We believe that the sense of abandonment is real. If Jesus is fully human, he must feel that to the center of his being, otherwise he will not know us. I grew up with empty crosses. We regarded crucifixes as pagan,idolatrous. Only later did I realize that often  the empty cross is a protection from, avoidance of the real suffering in the world. It was actually first in the small hill towns of New Mexico that I fully understood how people saw themselves in the figure on the cross and felt strengthened by the sense that somehow God understood them.

Matthew (27: 32-54) only includes this word, although his story is rich with all kinds of other details. Like all kinds of dead people raised from the graves and walking around.(53) Like one of the interns in our study group said, the zombie story. Walking dead style.

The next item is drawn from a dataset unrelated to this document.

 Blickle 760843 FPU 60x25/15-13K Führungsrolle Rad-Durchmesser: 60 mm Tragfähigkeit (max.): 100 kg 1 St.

In Luke 23: 26-47,  we have the shift from inward to outward.  The offering of forgiveness to the crucifiers (34) and the confession  of the (so-called) good thief. (43) And we note:
* Crucifixion was for political criminals, those who attacked military and commercial targets on behalf of the resistance. It was a way to terrorize the population. Only the Romans could do that. Jews could only stone, with the permission of the Romans.
* The accusing thief echoes Psalm 22 again. There was a tradition in Egypt that the good thief had encountered Jesus as an infant and let the holy family get away free. He is the first to confess Jesus as Lord, given the desertion of Peter and the disciples.
* Paradise was where souls hung out wit God until the day of physical resurrection. A Garden of Eden like holding area.

In John (19: 1-37), we find both the inner and outer. Though John never directly quotes Psalm 22, it echoes throughout his telling of the story. The outward compassion of commending the one he loved and his mother to care for one another. The expression of thirst (Ps.22 again). The imagery of the Passover ( no broken bones) for the first time creating a sacrificial expiation image. Hyssop, another passover reference. Water and blood, both medically accurate, as Anna tells us, but also an image of baptism and eucharist. And that final expression, It is finished, not so much his life, as his earthly work.

As each gospel writer had his own perspective, as we look at their work, so will we. The seven last words weave a narrative coming from different streams into one chronology. It’s not a factual history but an expression of truth.

On this we will reflect on Good Friday.